(Brief descriptive captions)
::::

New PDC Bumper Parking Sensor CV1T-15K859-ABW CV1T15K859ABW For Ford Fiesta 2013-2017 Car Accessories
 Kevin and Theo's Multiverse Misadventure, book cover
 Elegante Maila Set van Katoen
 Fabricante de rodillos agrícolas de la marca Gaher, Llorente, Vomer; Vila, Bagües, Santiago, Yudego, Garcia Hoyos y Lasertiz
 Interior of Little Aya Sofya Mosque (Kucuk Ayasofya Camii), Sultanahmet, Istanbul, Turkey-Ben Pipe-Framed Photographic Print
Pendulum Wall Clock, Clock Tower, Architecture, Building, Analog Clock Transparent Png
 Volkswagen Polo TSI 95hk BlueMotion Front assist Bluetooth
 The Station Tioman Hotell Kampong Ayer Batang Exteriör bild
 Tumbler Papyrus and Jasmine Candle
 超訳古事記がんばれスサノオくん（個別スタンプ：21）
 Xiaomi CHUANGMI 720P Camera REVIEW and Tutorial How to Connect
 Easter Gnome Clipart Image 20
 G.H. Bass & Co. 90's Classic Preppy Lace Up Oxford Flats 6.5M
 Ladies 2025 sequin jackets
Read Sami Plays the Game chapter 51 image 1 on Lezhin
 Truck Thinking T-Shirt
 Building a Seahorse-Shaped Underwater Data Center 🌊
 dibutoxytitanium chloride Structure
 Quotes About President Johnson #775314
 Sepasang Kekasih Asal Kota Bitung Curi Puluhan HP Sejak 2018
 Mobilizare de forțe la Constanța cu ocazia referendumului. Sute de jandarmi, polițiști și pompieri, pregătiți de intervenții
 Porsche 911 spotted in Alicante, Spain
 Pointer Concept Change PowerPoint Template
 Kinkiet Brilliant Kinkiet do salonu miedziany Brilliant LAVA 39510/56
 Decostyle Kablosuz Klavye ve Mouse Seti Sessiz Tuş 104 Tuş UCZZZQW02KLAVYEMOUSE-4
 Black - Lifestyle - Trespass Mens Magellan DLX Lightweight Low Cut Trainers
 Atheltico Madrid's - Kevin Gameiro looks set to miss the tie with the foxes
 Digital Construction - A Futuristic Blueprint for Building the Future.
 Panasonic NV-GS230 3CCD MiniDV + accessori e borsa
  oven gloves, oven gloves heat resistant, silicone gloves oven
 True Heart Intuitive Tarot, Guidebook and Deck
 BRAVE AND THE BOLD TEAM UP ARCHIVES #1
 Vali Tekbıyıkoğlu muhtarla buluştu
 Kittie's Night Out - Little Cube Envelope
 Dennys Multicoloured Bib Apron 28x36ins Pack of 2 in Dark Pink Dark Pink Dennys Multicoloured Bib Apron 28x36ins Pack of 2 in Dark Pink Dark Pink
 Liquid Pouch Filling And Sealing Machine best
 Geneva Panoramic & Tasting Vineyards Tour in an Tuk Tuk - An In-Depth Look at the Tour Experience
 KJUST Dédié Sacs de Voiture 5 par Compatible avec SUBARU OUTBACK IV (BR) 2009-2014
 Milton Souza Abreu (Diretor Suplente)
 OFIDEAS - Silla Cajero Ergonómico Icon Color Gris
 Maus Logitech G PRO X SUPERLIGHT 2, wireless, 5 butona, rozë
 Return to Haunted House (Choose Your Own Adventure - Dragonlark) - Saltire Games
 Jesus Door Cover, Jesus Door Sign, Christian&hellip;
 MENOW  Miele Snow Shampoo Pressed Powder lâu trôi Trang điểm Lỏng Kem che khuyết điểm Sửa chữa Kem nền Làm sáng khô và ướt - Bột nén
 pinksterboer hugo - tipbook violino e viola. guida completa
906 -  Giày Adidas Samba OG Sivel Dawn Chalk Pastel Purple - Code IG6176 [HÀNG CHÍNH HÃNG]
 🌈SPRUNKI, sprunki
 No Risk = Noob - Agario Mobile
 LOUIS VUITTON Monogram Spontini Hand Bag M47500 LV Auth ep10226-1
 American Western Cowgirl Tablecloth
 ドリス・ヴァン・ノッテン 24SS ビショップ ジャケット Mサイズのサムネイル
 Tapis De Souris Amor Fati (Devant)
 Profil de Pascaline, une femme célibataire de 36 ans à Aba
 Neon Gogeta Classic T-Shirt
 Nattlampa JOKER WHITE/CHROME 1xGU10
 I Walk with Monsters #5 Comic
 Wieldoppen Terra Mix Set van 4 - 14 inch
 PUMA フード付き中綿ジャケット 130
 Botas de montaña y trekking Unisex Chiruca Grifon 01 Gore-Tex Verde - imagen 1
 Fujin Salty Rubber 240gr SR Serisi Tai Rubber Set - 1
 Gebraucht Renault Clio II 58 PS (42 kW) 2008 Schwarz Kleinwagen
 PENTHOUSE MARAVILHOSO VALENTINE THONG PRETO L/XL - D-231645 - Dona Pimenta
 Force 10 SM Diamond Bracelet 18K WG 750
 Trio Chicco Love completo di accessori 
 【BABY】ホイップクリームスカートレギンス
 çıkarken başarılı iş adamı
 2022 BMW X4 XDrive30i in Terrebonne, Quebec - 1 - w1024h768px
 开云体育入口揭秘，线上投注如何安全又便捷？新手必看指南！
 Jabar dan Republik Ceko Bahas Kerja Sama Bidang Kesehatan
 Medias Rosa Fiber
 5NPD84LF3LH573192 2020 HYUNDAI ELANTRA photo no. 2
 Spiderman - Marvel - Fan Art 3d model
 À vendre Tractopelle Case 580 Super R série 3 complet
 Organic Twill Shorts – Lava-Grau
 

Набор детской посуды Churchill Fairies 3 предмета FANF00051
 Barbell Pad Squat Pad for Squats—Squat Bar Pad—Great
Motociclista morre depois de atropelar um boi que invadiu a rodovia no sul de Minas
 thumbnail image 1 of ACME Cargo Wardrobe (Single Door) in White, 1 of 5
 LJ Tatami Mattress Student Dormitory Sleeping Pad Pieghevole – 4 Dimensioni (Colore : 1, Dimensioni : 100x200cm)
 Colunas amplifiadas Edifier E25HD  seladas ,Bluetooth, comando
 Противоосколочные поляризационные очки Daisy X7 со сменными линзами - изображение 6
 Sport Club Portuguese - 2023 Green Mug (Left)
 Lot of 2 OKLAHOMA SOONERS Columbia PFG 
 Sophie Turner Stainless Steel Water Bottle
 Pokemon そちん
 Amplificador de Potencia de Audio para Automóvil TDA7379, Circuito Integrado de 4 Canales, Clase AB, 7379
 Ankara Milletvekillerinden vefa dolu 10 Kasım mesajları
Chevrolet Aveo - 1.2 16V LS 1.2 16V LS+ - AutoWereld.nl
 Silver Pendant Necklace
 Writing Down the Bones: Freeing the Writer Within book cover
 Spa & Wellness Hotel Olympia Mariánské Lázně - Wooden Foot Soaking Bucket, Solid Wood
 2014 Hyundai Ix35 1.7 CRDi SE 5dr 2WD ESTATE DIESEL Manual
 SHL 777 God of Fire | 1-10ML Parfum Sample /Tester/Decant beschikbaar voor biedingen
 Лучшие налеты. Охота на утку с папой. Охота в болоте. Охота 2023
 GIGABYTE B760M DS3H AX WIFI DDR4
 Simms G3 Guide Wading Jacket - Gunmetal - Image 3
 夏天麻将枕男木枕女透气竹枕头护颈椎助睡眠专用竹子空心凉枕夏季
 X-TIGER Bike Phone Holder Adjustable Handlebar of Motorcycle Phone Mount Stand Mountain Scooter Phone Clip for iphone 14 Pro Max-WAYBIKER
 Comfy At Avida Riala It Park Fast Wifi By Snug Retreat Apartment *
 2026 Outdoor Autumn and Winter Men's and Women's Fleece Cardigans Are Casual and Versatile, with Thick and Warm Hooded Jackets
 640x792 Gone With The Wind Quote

::::

_TASK TO COMPLETE_
Set down every entry again, exactly as written.

_EXERCISE RESPONSE_
New PDC Bumper Parking Sensor CV1T-15K859-ABW CV1T15K859ABW For Ford Fiesta 2013-2017 Car Accessories
 Kevin and Theo's Multiverse Misadventure, book cover
 Elegante Maila Set van Katoen
 Fabricante de rodillos agrícolas de la marca Gaher, Llorente, Vomer; Vila, Bagües, Santiago, Yudego, Garcia Hoyos y Lasertiz
 Interior of Little Aya Sofya Mosque (Kucuk Ayasofya Camii), Sultanahmet, Istanbul, Turkey-Ben Pipe-Framed Photographic Print
Pendulum Wall Clock, Clock Tower, Architecture, Building, Analog Clock Transparent Png
 Volkswagen Polo TSI 95hk BlueMotion Front assist Bluetooth
 The Station Tioman Hotell Kampong Ayer Batang Exteriör bild
 Tumbler Papyrus and Jasmine Candle
 超訳古事記がんばれスサノオくん（個別スタンプ：21）
 Xiaomi CHUANGMI 720P Camera REVIEW and Tutorial How to Connect
 Easter Gnome Clipart Image 20
 G.H. Bass & Co. 90's Classic Preppy Lace Up Oxford Flats 6.5M
 Ladies 2025 sequin jackets
Read Sami Plays the Game chapter 51 image 1 on Lezhin
 Truck Thinking T-Shirt
 Building a Seahorse-Shaped Underwater Data Center 🌊
 dibutoxytitanium chloride Structure
 Quotes About President Johnson #775314
 Sepasang Kekasih Asal Kota Bitung Curi Puluhan HP Sejak 2018
 Mobilizare de forțe la Constanța cu ocazia referendumului. Sute de jandarmi, polițiști și pompieri, pregătiți de intervenții
 Porsche 911 spotted in Alicante, Spain
 Pointer Concept Change PowerPoint Template
 Kinkiet Brilliant Kinkiet do salonu miedziany Brilliant LAVA 39510/56
 Decostyle Kablosuz Klavye ve Mouse Seti Sessiz Tuş 104 Tuş UCZZZQW02KLAVYEMOUSE-4
 Black - Lifestyle - Trespass Mens Magellan DLX Lightweight Low Cut Trainers
 Atheltico Madrid's - Kevin Gameiro looks set to miss the tie with the foxes
 Digital Construction - A Futuristic Blueprint for Building the Future.
 Panasonic NV-GS230 3CCD MiniDV + accessori e borsa
  oven gloves, oven gloves heat resistant, silicone gloves oven
 True Heart Intuitive Tarot, Guidebook and Deck
 BRAVE AND THE BOLD TEAM UP ARCHIVES #1
 Vali Tekbıyıkoğlu muhtarla buluştu
 Kittie's Night Out - Little Cube Envelope
 Dennys Multicoloured Bib Apron 28x36ins Pack of 2 in Dark Pink Dark Pink Dennys Multicoloured Bib Apron 28x36ins Pack of 2 in Dark Pink Dark Pink
 Liquid Pouch Filling And Sealing Machine best
 Geneva Panoramic & Tasting Vineyards Tour in an Tuk Tuk - An In-Depth Look at the Tour Experience
 KJUST Dédié Sacs de Voiture 5 par Compatible avec SUBARU OUTBACK IV (BR) 2009-2014
 Milton Souza Abreu (Diretor Suplente)
 OFIDEAS - Silla Cajero Ergonómico Icon Color Gris
 Maus Logitech G PRO X SUPERLIGHT 2, wireless, 5 butona, rozë
 Return to Haunted House (Choose Your Own Adventure - Dragonlark) - Saltire Games
 Jesus Door Cover, Jesus Door Sign, Christian&hellip;
 MENOW  Miele Snow Shampoo Pressed Powder lâu trôi Trang điểm Lỏng Kem che khuyết điểm Sửa chữa Kem nền Làm sáng khô và ướt - Bột nén
 pinksterboer hugo - tipbook violino e viola. guida completa
906 -  Giày Adidas Samba OG Sivel Dawn Chalk Pastel Purple - Code IG6176 [HÀNG CHÍNH HÃNG]
 🌈SPRUNKI, sprunki
 No Risk = Noob - Agario Mobile
 LOUIS VUITTON Monogram Spontini Hand Bag M47500 LV Auth ep10226-1
 American Western Cowgirl Tablecloth
 ドリス・ヴァン・ノッテン 24SS ビショップ ジャケット Mサイズのサムネイル
 Tapis De Souris Amor Fati (Devant)
 Profil de Pascaline, une femme célibataire de 36 ans à Aba
 Neon Gogeta Classic T-Shirt
 Nattlampa JOKER WHITE/CHROME 1xGU10
 I Walk with Monsters #5 Comic
 Wieldoppen Terra Mix Set van 4 - 14 inch
 PUMA フード付き中綿ジャケット 130
 Botas de montaña y trekking Unisex Chiruca Grifon 01 Gore-Tex Verde - imagen 1
 Fujin Salty Rubber 240gr SR Serisi Tai Rubber Set - 1
 Gebraucht Renault Clio II 58 PS (42 kW) 2008 Schwarz Kleinwagen
 PENTHOUSE MARAVILHOSO VALENTINE THONG PRETO L/XL - D-231645 - Dona Pimenta
 Force 10 SM Diamond Bracelet 18K WG 750
 Trio Chicco Love completo di accessori 
 【BABY】ホイップクリームスカートレギンス
 çıkarken başarılı iş adamı
 2022 BMW X4 XDrive30i in Terrebonne, Quebec - 1 - w1024h768px
 开云体育入口揭秘，线上投注如何安全又便捷？新手必看指南！
 Jabar dan Republik Ceko Bahas Kerja Sama Bidang Kesehatan
 Medias Rosa Fiber
 5NPD84LF3LH573192 2020 HYUNDAI ELANTRA photo no. 2
 Spiderman - Marvel - Fan Art 3d model
 À vendre Tractopelle Case 580 Super R série 3 complet
 Organic Twill Shorts – Lava-Grau
 

Набор детской посуды Churchill Fairies 3 предмета FANF00051
 Barbell Pad Squat Pad for Squats—Squat Bar Pad—Great
Motociclista morre depois de atropelar um boi que invadiu a rodovia no sul de Minas
 thumbnail image 1 of ACME Cargo Wardrobe (Single Door) in White, 1 of 5
 LJ Tatami Mattress Student Dormitory Sleeping Pad Pieghevole – 4 Dimensioni (Colore : 1, Dimensioni : 100x200cm)
 Colunas amplifiadas Edifier E25HD  seladas ,Bluetooth, comando
 Противоосколочные поляризационные очки Daisy X7 со сменными линзами - изображение 6
 Sport Club Portuguese - 2023 Green Mug (Left)
 Lot of 2 OKLAHOMA SOONERS Columbia PFG 
 Sophie Turner Stainless Steel Water Bottle
 Pokemon そちん
 Amplificador de Potencia de Audio para Automóvil TDA7379, Circuito Integrado de 4 Canales, Clase AB, 7379
 Ankara Milletvekillerinden vefa dolu 10 Kasım mesajları
Chevrolet Aveo - 1.2 16V LS 1.2 16V LS+ - AutoWereld.nl
 Silver Pendant Necklace
 Writing Down the Bones: Freeing the Writer Within book cover
 Spa & Wellness Hotel Olympia Mariánské Lázně - Wooden Foot Soaking Bucket, Solid Wood
 2014 Hyundai Ix35 1.7 CRDi SE 5dr 2WD ESTATE DIESEL Manual
 SHL 777 God of Fire | 1-10ML Parfum Sample /Tester/Decant beschikbaar voor biedingen
 Лучшие налеты. Охота на утку с папой. Охота в болоте. Охота 2023
 GIGABYTE B760M DS3H AX WIFI DDR4
 Simms G3 Guide Wading Jacket - Gunmetal - Image 3
 夏天麻将枕男木枕女透气竹枕头护颈椎助睡眠专用竹子空心凉枕夏季
 X-TIGER Bike Phone Holder Adjustable Handlebar of Motorcycle Phone Mount Stand Mountain Scooter Phone Clip for iphone 14 Pro Max-WAYBIKER
 Comfy At Avida Riala It Park Fast Wifi By Snug Retreat Apartment *
 2026 Outdoor Autumn and Winter Men's and Women's Fleece Cardigans Are Casual and Versatile, with Thick and Warm Hooded Jackets
 640x792 Gone With The Wind Quote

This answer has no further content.